Corriere della Sera, 28 ottobre 2025
Mozart diventa un reality
Il primo reality l’ha inventato Mozart. Per partecipare alla sua Scuola degli amanti le regole sono queste: essere giovani, in coppia, pronti a sperimentare la solidità dei propri sentimenti sotto lo sguardo cinico di Despina e Don Alfonso, conduttori di uno show televisivo dove vengono messi alla prova amore e fedeltà dei concorrenti.
«Quando la Scala mi ha chiesto di portare in scena questo Così fan tutte, mi sono chiesto cosa voglia dire nel 2025 il suo sottotitolo, La scuola degli amanti» riflette Robert Carsen, autore del nuovo allestimento dell’opera, dal 5 novembre al Piermarini con la direzione musicale di Alexander Soddy.
«Quell’esperimento filosofico ipotizzato da Mozart e il suo librettista Da Ponte, così audacemente amorale da scandalizzare il pubblico settecentesco e venir tolto a lungo da tutte le ribalte, mi ha fatto pensare ai tanti format di oggi, “Temptation Island”, “Love Island”, “Love is Blind”, “Too Hot to Handle”, che portano sotto le telecamere persone reali in situazioni simulate per sondarne reazioni e scelte morali. Un’indagine sulla natura umana ai tempi della società dello spettacolo». Così nella Scuola degli amanti, scritta che troneggia nello studio televisivo costruito in scena, Fiordiligi e Guglielmo, Dorabella e Ferrando, vengono indotti in tentazione dai due presentatori «maestri di vita» che guidano il gioco, orchestrano trappole amorose, commentano gli esiti. Sempre attenti al tornaconto dell’audience.

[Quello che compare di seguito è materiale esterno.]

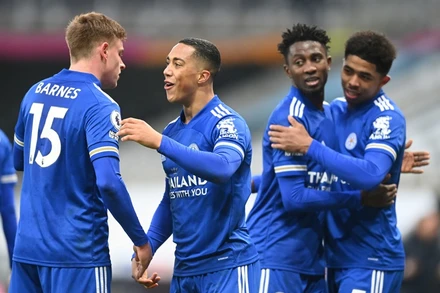 Leicester là đội đang gặp bất lợi nhất trong cuộc đua tốp 4 ở Premier League. (Ảnh: Getty Images)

«Se i protagonisti sono le due coppie, nel reality ci saranno ovviamente altri partecipanti, che con loro interferiscono» avverte il regista canadese, non nuovo agli sberleffi al Piermarini, memorabile il suo Candide di Bernstein del 2007 con Berlusconi e altri potenti in mutande. Nel quartetto però la situazione non è paritaria. «I due ragazzi sono complici dell’inganno messo in piedi da Don Alfonso. Scommettono con lui sulla fedeltà delle loro fidanzate, e la posta in palio sono un bel po’ di soldi. Il denaro qui è importante, è il motore della vicenda nel libretto e nel reality. Viviamo in un’epoca in cui si vuole diventare ricchi e famosi subito. Fosse anche per cinque minuti».
Con quel gruzzolo in ballo, i due fingono di partire e poi tornare sotto mentite spoglie a testare la virtù delle compagne. Le ragazze invece sono in buona fede, pronte a disperarsi dell’abbandono, ma cedere in fretta alle lusinghe dei nuovi venuti. Che nell’opera ricompaiono travestiti da prestanti albanesi, con grandi mustacchi e ricche vesti. «Naturalmente qui saranno camuffati in altro modo, lo scoprirete nello spettacolo. Posso dire che saranno diversi nei modi più che nell’aspetto. Pretendenti passionali e audaci come mai prima. Il travestimento consente una libertà inedita, possono fare quel che vogliono, sorprendono le ragazze e anche loro stessi».
Fedeltà, scambi di coppie, travestimenti. Temi cardine del Così fan tutte ma anche degli altri due titoli della trilogia «italiana» di Mozart. Dopo aver portato in scena Don Giovanni e Le nozze di Figaro, Carsen ora affronta il capitolo finale. «Il più complesso e enigmatico. Pone domande, non dà risposte. Perché qui in gioco c’è la confusione del cuore umano, la fragilità dei sentimenti, il loro cambiare a nostra insaputa. La Scuola degli amanti serve a questo, a far crescere quei giovani, a impartire una lezione, anche dolorosa, sulla vita di coppia che li attende. Dove l’intransigenza della passione deve lasciar posto all’imparare a capirsi e perdonarsi a vicenda. Una scuola d’amore, ma anche una scuola per il futuro».
Quel Così fan tutte, dove la «fede delle femmine è come l’araba fenice» si è tirata addosso l’accusa di opera maschilista. «È solo il parere di Don Alfonso, che sul cuore volubile delle donne punta cento zecchini, ma la morale la fa Despina, che ne ha viste abbastanza per non dare credito a giuramenti degli uomini, infedeli e bugiardi di natura. È lei che invita le ragazze a ricambiarli con la stessa moneta, a far l’amor come assassine». Alla fine resta l’interrogativo se il lieto fine sia davvero tale. «La grandezza dell’opera è anche l’ambiguità. Con Soddy abbiamo concordato di cambiare qualche carta in tavola. È un direttore che ama molto il teatro, è facile intendersi. Entrambi amiamo i lieto fine. Il mondo è già abbastanza duro per i giovani. Cercherò di fare del mio meglio per farli sorridere».